Hundreds of thousands of people have participated in militant actions across France, with many of the demonstrations encountering massive police violence. The movement has been politically heterogeneous from the outset. At the beginning Right wing tendencies were predominant, but after about a month, the Left gained the upper hand. At all times, the movement has resisted the appeal to affiliate itself with any of the mainstream French political parties. The Government abandoned the fuel tax increases, but the movement had already transformed into one protesting against the Government’s economic policies generally.

It is unclear what the eventual result of the Yellow Vests movement will be, but one thing is already clear. The Government’s attempt to use price signals in the capitalist market to bring about a transition from fossil fuels has been killed off. The people of France, emphatically and almost unanimously, have rejected the neo-liberal prescription for addressing climate change. The climate movement around the world ignores this lesson at its peril.

The world needs to stop climate change. Left unchecked, global temperatures will rise by between 40 and 70 Celsius. This would result in the destruction of most ecosystems, render large parts of the world uninhabitable due to summer heat and kill billions of people. This is not just about the Great Barrier Reef or the Amazon jungle, important as they are. This is about the survival of industrial civilisation and, in a worst case scenario, the human race itself.

Action to mitigate climate change, however, does not occur in a vacuum. The same capitalist system which brought us unsustainable fossil fuels also created a vastly unequal society, and inequality continues to increase. When a government uses neo-liberal policies like a carbon price to address climate change, it aggravates the tendency in capitalism to produce inequality. Just as for electricity prices, when fuel prices rise, workers suffer and the capitalists hardly notice.

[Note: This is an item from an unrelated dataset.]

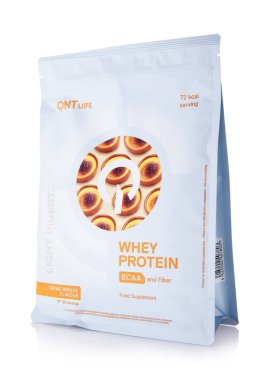 LONDON, UK - 15 Mart 2025: QNT creme brulee light digest whey protein with bcaa and fiber on white.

For us in Australia, the consequences should be clear. The media are dominated by hard Right wing climate denialist voices. They will channel justified working class anger against declining living standards into a deadly weapon against any form of carbon pricing. The Right will promote mass scepticism about the scientific basis for taking action against climate change. This is precisely what occurred to the Labor Government of Julia Gillard in 2010 and the consequences are likely to be the same – or worse – if that strategy is repeated.

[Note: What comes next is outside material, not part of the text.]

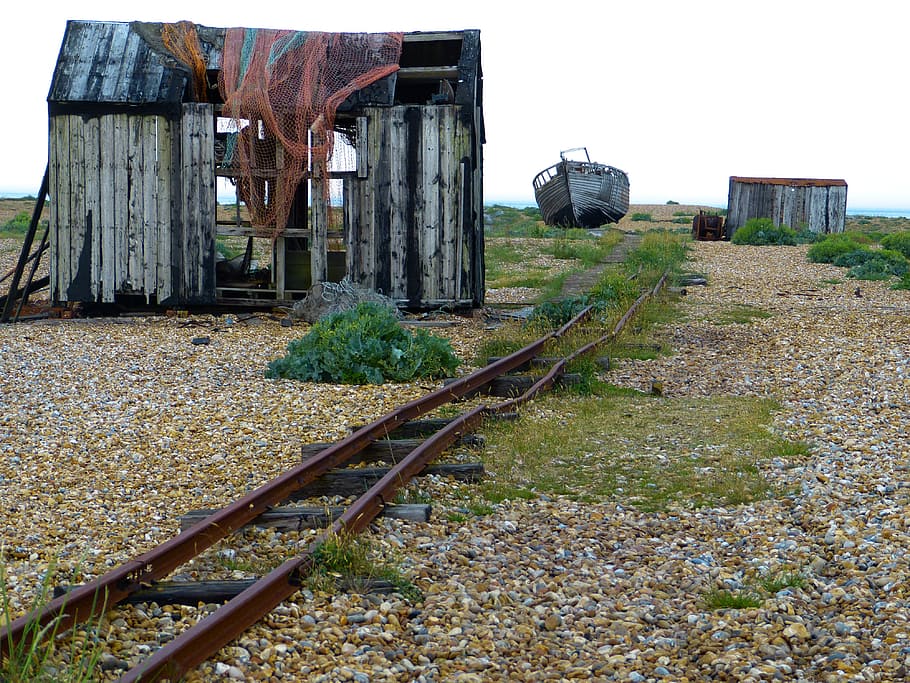 brown railroad surrounded by rocks and stones, dungeness, romney marsh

The only realistic approach to climate change is one that recognises the inequality in our society. The policies of neo-liberalism, in particular carbon pricing, are a prescription for failure. Workers and communities currently reliant on unsustainable industries deserve a just transition. Working class living standards as a whole must be protected to maintain social support for a transition to a carbon free economy. The price of the transition must be borne by those who built and profited from unsustainable industries – the capitalists. In short, we need to abolish capitalism. It is the only strategy that can work.